Pronunciation guided copy and correction model for ASR error correction
Wang, Wenjun,Yu, Zhengtao,Huang, Yuxin,Guo, Junjun,Zhou, Guojiang
DOI: https://doi.org/10.1007/s13042-024-02191-7
2024-06-11
International Journal of Machine Learning and Cybernetics
Abstract:Error correction has proven to be an effective means for refining mistakes produced by Automatic Speech Recognition (ASR) models, thereby contributing to a notable reduction in the Word Error Rate (WER) at the ASR post-edit stage. Existing ASR error correction methods built upon sequence-to-sequence architecture may be suffered from the over-correction issue, resulting in the introduction of new mistakes or alterations to correct portions. In this paper, we propose a Pronunciation Guided Copy and Correction (PGCC) model for ASR error correction.

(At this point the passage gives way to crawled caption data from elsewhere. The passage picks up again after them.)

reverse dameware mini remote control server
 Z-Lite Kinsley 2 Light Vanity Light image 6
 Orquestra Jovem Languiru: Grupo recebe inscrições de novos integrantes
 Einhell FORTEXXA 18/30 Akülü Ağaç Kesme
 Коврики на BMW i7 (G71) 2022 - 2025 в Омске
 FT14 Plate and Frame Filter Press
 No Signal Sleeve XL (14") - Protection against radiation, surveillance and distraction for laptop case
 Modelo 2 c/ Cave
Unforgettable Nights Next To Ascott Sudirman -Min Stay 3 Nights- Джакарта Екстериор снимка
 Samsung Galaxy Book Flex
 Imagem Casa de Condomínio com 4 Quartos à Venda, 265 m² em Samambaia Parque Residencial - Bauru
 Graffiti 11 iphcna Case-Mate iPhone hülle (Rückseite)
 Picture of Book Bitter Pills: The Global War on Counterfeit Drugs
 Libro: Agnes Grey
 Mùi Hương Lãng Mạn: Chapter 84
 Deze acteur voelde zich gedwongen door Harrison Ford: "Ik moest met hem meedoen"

Leveraging the fact that ASR hypotheses share a big overlap with the correct text and are frequently characterized by homophone errors, our approach incorporates a copy module into the BART pre-trained model's encoder-decoder structure, this module optimally decides whether to retain a token from the source input (via copying) or generate a modified one through the decoder. Furthermore, a hierarchical phonetic feature encoder is designed to provide guidance to the copy module and BART decoder, implicitly identifying the positions of homophone errors and generating precise corrections. Experiments on two public datasets demonstrate the effectiveness of our proposed method, showcasing remarkable reductions of 18.18% and 44.84% in character error rate and outperforming solid baseline models.
computer science, artificial intelligence